On one hand, I bear God’s image. I have a marvelous capacity to cultivate beauty, experience intimacy, invent solutions, make promises, show mercy, resist evil, build culture, and encounter wonder. On my best days, God’s glory is profoundly displayed in my life. Humans can be quite magnificent, really一just a little lower than the angels.

On the other hand, I have this inescapable sense that I don’t reflect God as I should. The mirror of my life gets smudged and tarnished. I have a dreadful capacity to corrupt beauty, shatter intimacy, create problems, break promises, exploit the vulnerable, be tempted by evil, destroy culture, and become jaded with wonder. Humans can be quite awful, really一just a little higher than the devils.
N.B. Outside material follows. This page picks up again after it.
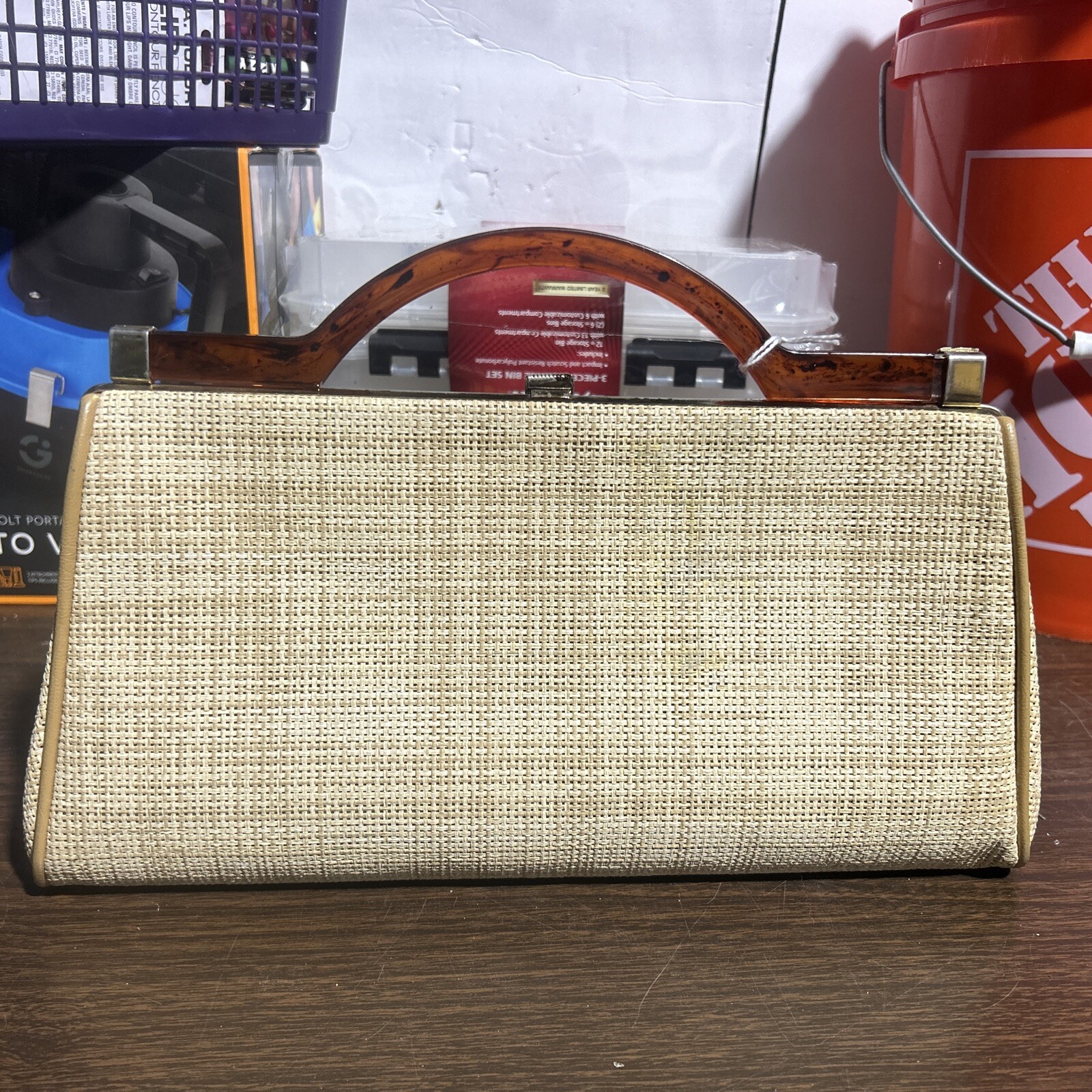 1970s Vintage Handbag Clutch With Acrylic Handle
There is a fickle fragility in my soul. I flit back and forth between peace and anxiety, joy and sorrow, obedience and disobedience, forgiveness and bitterness. Like termites in a wooden boat, my inconsistencies gnaw holes in my soul一then as I frantically bail water to remain buoyant, discouragement gushes over me. Can you relate?

What do we do about the frustrating duality of our souls? Proposed solutions abound.

Moralism says effort is the solution. If we can be good enough一through religion or neighborliness or parenting or profession一our positive behavior will outweigh our bad behavior. But this places an oppressive burden to perform that’s easily squashed by our next messup (which is likely imminent).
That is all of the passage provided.